Interpretation of the initial results

The observed difference between \(S_{opt}\), \(S_{mc}\) and \(S_{dc}\) is explained in [12] by the fact that goal-directed generation algorithms exploit bias in the scoring function, defined as the presence of features that yield a high \(S_{opt}\) but do not generalize to \(S_{mc}\) and \(S_{dc}\) . The first case (high \(S_{opt}\) and low \(S_{mc}\)) is referred to as exploiting model-specific biases. Indeed, \(S_{opt}\) and \(S_{mc}\) are scores given by two classifiers trained on the same data (only the model differs, through the choice of a different random seed). A molecule with a high \(S_{opt}\) and low \(S_{mc}\) therefore must exploit features that are specific to the exact model \(C_{opt}\) and not shared by \(C_{mc}\), even though those models were trained on the same data. Conversely, the second case (high \(S_{opt}\) and low \(S_{dc}\)) is referred to as exploiting data specific biases. The authors interpret this as a failure of the goal-directed generation procedure: “there is a mismatch between optimization scores and data control scores, which shows that the optimization procedure suffers from model and/or data specific biases”. This interpretation is further supported by the fact that the difference between optimization and control scores grows over time during goal-directed generation.

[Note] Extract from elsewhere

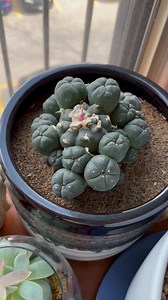 This is Peyote, a psychedelic cactus. | Sacred Buttons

Formally, we can view a dataset of molecules and associated bioactivities as a sample \((X_i, y_i), i \in [\![1;n]\!] \sim P\), where \((X_i, y_i)\) denote a molecule and its associated bioactivity, and P is the distribution of the dataset. Most classifiers return a decision function or a confidence score \(S_{classifier}(x)\), that can be used as scoring functions when searching for novel active compounds using goal-directed generation algorithms. This is achieved by maximizing \(S_{classifier}(x)\), through optimization techniques or reinforcement learning. As the three classifiers \(C_{opt}\), \(C_{mc}\) and \(C_{dc}\) model the same property on the same dataset, Renz et al. expect molecules obtained with goal-directed generation to be also predicted active by the classifiers \(C_{mc}\) and \(C_{dc}\), and to have similar control scores as their optimization scores. As \(S_{mc}\) and \(S_{dc}\) are significantly lower than \(S_{opt}\), the conclusion reached is that the molecules generated are predicted active by \(C_{opt}\) for the wrong reasons (the exploitation of biases, a behavior already observed in the machine learning literature [18]) as those predictions do not translate in similar bioactivity models. The intuition behind this conclusion is that features that are true explanatory factors of the output will yield high scores both by the optimization and control models. Therefore, a goal-directed generation algorithm that design molecules with high optimization scores but low control scores could be exploiting spurious features specific only to the optimization model, that will not translate when testing the molecule in a wet-lab experiment [12].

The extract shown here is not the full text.